Um ein ambitioniertes Klimaschutzziel zu erreichen, muss die Nutzung der Atmosphäre als globales Gemeinschaftsgut begrenzt und die Nutzungsrechte neu verteilt werden. Dies hat weitreichenden Folgen: Zum einen werden die Besitzer fossiler Ressourcen einen großen Teil ihrer Ressourcenrente verlieren. Zum anderen wird die Klimapolitik zu weiteren Konflikten in den internationalen Verhandlungen führen. Denn obwohl Emissionsreduktionen für alle Länder vorteilhaft wären, haben die Staaten einen starken Anreiz, als Trittbrettfahrer aufzutreten.
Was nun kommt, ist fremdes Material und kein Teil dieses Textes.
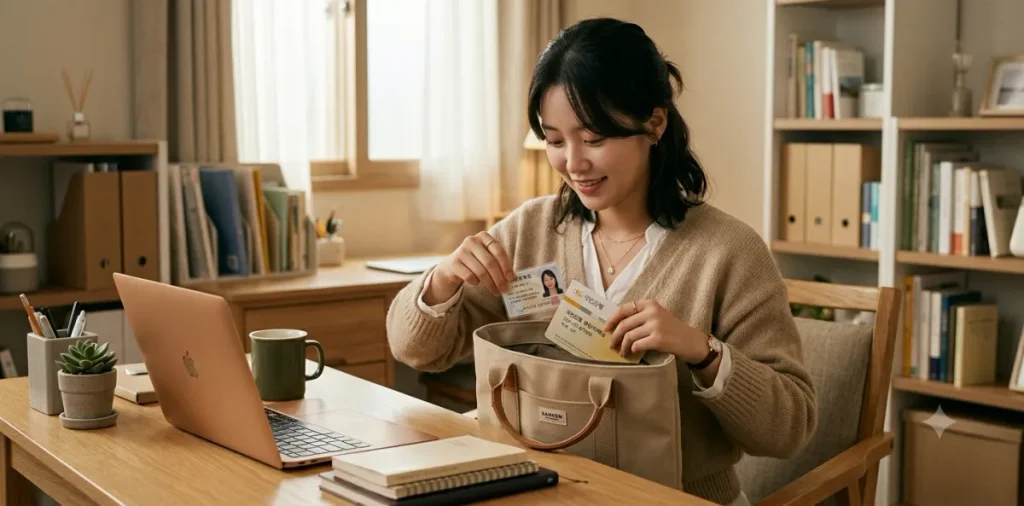 1차 실업인정 교육: 고용센터 방문 및 취업희망카드 수령 가이드 4 1차 실업인정일 준비물 확인을 위해 신분증과 통장을 가방에 넣고 있는 여성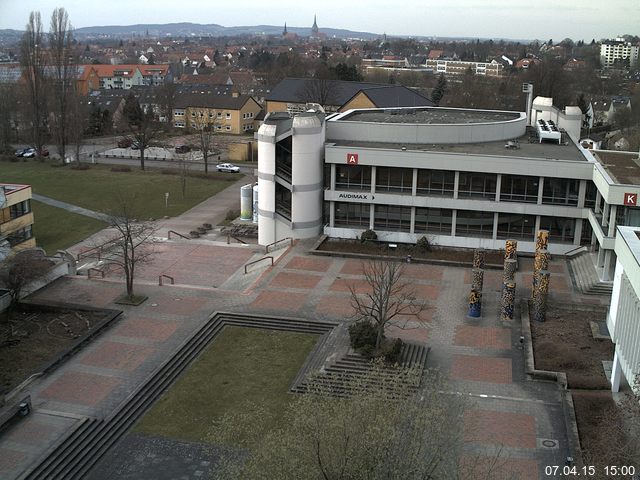 Foto der Webcam: Verwaltungsgeb&auml;ude, Innenhof mit Audimax, H&ouml;rsaal-Geb&auml;ude 1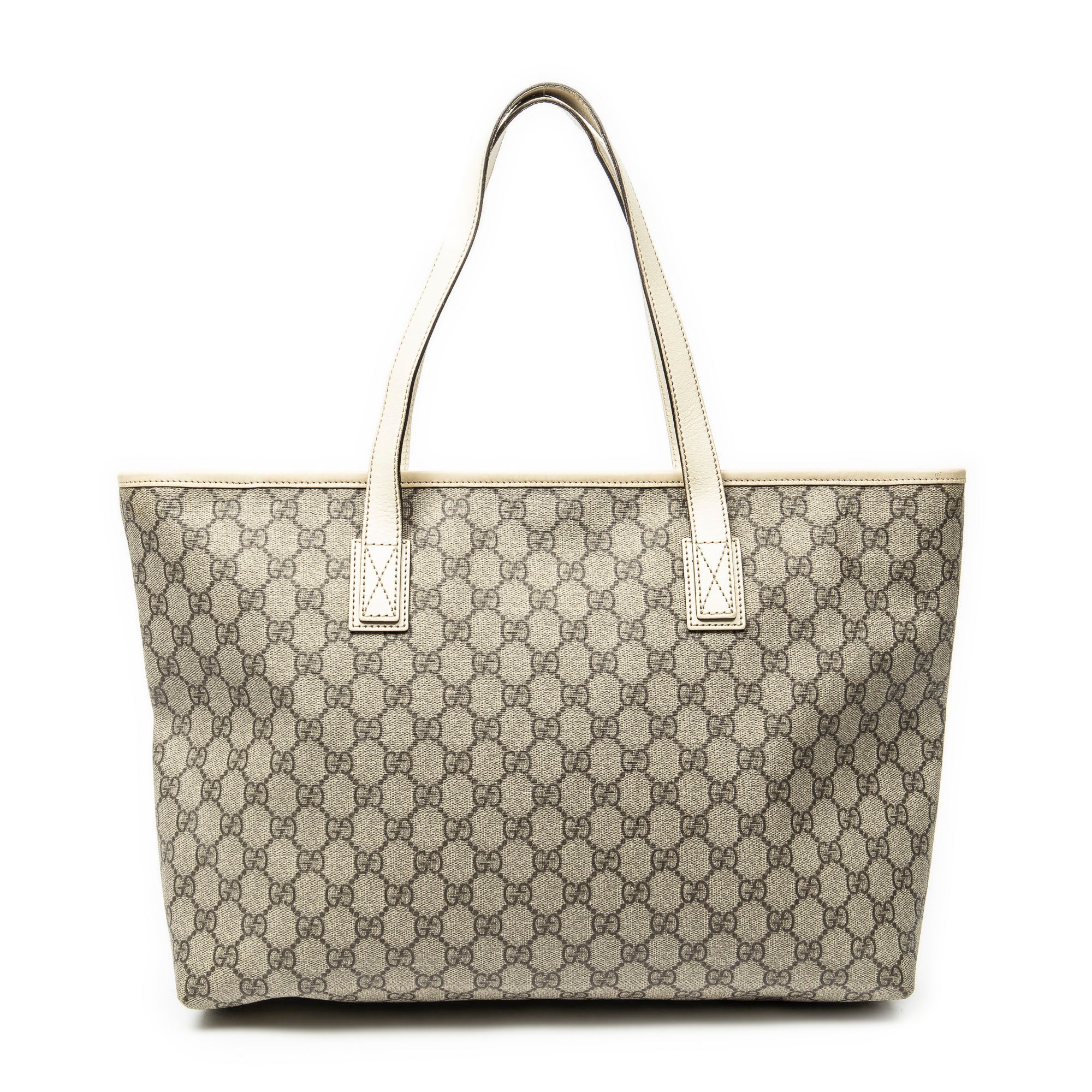 Shoulder Bag Large Zip Shopping Tote Beige Supreme Coated Canvas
Da weder eine Weltregierung noch eine entsprechend enge Koordination nationaler Politiken existiert, müssen unilaterale Initiativen und Abkommen zwischen Nationalstaaten und subnationalen politischen Initiativen implementiert werden, mit denen sich das Kooperationsproblem anreizkompatibel überwinden lässt.

Suggested Citation

  • Ottmar Edenhofer & Christian Flachsland, 2012. "Die Nutzung globaler Gemeinschaftsgüter: Politökonomische Herausforderungen an die Klimapolitik," ifo Schnelldienst, ifo Institute - Leibniz Institute for Economic Research at the University of Munich, vol. 65(12), pages 29-35, June.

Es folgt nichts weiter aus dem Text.